Right now, taxpayers are vulnerable: the government can’t effectively audit those systems and detect contractor errors, omissions, misstatements, and unsupported, unallowable or unreasonable costs. As stated in the report, the CWC found in an August hearing that "unreliable data from business systems produced billions of dollars in contingency-contract costs that government auditors often could not verify."
The CWC places some of the blame on the Defense Contract Management Agency (DCMA) and the Defense Contract Audit Agency (DCAA) for sending mixed messages to contractors. The report also points out that a lack of personnel in both agencies inhibits the government from conducting the necessary oversight.
It might be time to retire the “pay now, and ask questions later” theory of federal contract spending.
-- Scott Amey
Another problem which is often ignored, is that DCMA cannot take strong action against a contractor without the PCO/Buying Command agreeing, and normally they do not agree. I worked one program a couple years ago in which DCMA wanted to issue a stop-work order, but the PCO and program office where I worked refused to concur.
Posted by: gov worker | Sep 23, 2009 at 05:42 PM
Prompt Payment info:
http://www.fms.treas.gov/prompt/index.html
Posted by: Not a lawyer, but I stayed at a Holiday Inn last night | Sep 23, 2009 at 03:22 PM
Does the Prompt Payment Act, requiring that payments be issued or interest be paid on late payments, apply to payments to contractors?
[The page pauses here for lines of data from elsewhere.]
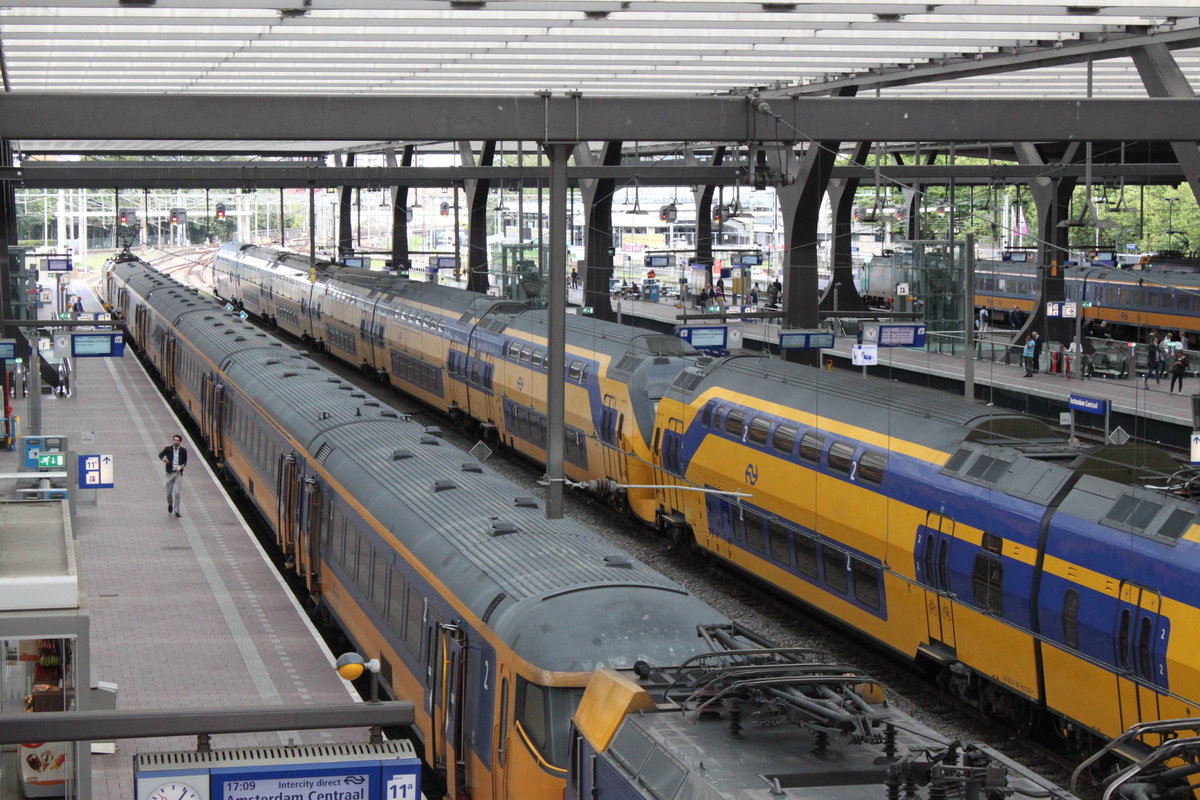 Reger Bahnverkehr in Rotterdam Centraal am 08.08.2016. Vorne steht ICD 945 nach Amsterdam an Gleis 11, dahinter IC 9247 ebenfalls nach Amsterdam un ganz hinten ICD 952 nach Breda und ICD 1047 nach Amsterdam.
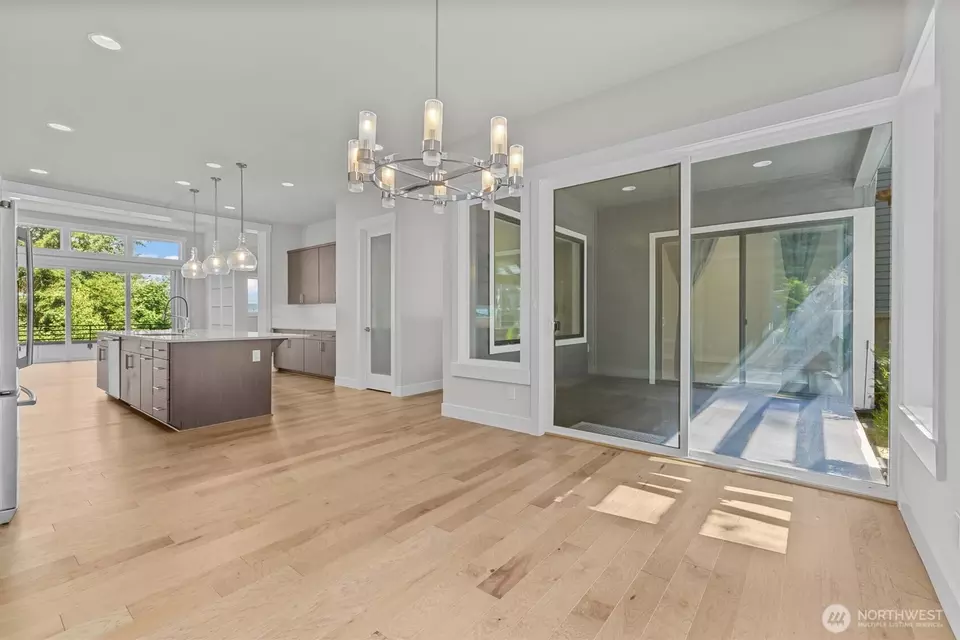 Other - 599 Viewcrest Dr NW, Issaquah, WA 98027 photo 1 of 5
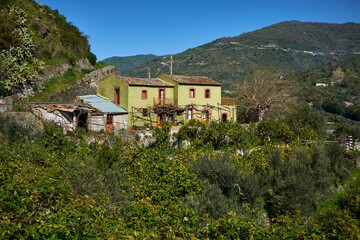 Fototapeta na wymiar typical and characteristic peasant house in Sicily in the Province of Messina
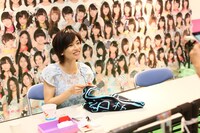 大人AKB48”塚本まり子による「ボタン付け」の様子。(C)AKS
Posted by: Bill Harshaw | Sep 23, 2009 at 09:03 AM
Yeah, the problem is that there is a lack of oversight. It's clearly not that they pay contractors more to fail, screw up, and drag out contracts. It's that we don't have enough oversight. Hmm, maybe if they didn't pay contractors more to fail they wouldn't need more oversight? Do you think that might work? Nah. Clearly what we need is more oversight. That way the government can justify hiring more people which means more taxes but ultimately gives them more power. We all know that the government having more power is always the answer they like to hear, so there you go. We need more oversight.